I usually just buy as much as we can fit in the pick up, the hay guy is literally 1/4 mile down the street so we can pretty much get it anytime, but we normally get about 20-30 bales at a time

How often we buy depends on how cold it is out, usually every 3 weeks to a month.

I have 3 horses and a donkey all out 24/7 we usually throw out a bale in the AM and if they need more another bale in the PM, if it's nice out they usually have only eaten 1/2 the bale so they don't need anymore, in the spring/summer when the grass is fully grown they hardly eat any hay and we only go through 1/2 a bale a day


----------



## deineria (Mar 22, 2009)

You can figure on buying based on 2% of your horses ideal body weight a day - you can figure from there. 
1000 lb horse would need 9-10 bales a month if they weigh 65 lbs each
and he gets no grass.

I go through 2400 lbs every 6th day, typically. I have a lot of animals here though, and I feed round bales at $25 ea.


----------



## WesternJake (Jan 29, 2011)

deineria said:


> You can figure on buying based on 2% of your horses ideal body weight a day - you can figure from there.
> 1000 lb horse would need 9-10 bales a month if they weigh 65 lbs each
> and he gets no grass.
> 
> I go through 2400 lbs every 6th day, typically. I have a lot of animals here though, and I feed round bales at $25 ea.


Mkay...so 2% for a horse that weighs I think 875 (? can't remember exactly, it's in the 800's though, and he could use about 50 to 75 more lbs.) how many would that be? 

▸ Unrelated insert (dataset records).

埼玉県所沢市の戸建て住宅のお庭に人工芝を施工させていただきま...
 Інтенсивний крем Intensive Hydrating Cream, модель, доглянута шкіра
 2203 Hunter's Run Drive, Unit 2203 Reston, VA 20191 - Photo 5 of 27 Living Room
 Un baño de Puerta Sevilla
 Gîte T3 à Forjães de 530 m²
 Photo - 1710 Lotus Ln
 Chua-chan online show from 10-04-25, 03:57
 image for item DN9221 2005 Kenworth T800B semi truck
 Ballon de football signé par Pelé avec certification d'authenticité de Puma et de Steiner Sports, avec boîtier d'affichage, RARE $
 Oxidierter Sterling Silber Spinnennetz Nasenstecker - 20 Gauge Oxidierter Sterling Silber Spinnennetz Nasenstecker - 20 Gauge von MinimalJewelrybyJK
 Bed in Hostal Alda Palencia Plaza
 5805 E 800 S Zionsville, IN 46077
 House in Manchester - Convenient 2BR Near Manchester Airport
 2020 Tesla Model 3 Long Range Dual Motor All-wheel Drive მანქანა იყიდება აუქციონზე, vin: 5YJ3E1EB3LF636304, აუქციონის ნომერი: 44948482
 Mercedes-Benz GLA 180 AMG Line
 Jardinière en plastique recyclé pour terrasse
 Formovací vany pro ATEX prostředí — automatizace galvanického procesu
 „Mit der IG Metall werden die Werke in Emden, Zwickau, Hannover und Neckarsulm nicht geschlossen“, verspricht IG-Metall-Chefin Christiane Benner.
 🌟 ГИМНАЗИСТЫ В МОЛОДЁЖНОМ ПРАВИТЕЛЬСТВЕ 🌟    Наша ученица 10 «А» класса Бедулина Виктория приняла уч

He's getting worked about 1 to 3 times a week for a good 1 1/2 hours on avg.- though right now he hasn't been worked in 2 weeks.


----------



## deineria (Mar 22, 2009)

If he is underweight, I'd feed 2% of what he should weigh - 
if he is being worked, are you feeding a concentrate, too?

A horse that should weigh 950 - I'm guess he maybe should if he is 
875 and needs 50-75 more - needs at least 8 bales a month
if they weigh 65 lbs each


----------



## WesternJake (Jan 29, 2011)

deineria said:


> If he is underweight, I'd feed 2% of what he should weigh -
> if he is being worked, are you feeding a concentrate, too?
> 
> A horse that should weigh 950 - I'm guess he maybe should if he is
> ...


He is getting beet pulp when the BO buys it...*rolls eyes*, so no, not every night. When he does, he also gets 2 small scoops (like...less than 1/2 a cup) of Cool Calories 100. (This is going to change as soon as I'm buying feed! - As in, he well be getting grain every day.) 

I would like him to be about 950 - he's a narrow built horse, but 15.2. You can't see his ribs, but I can slightly feel them. 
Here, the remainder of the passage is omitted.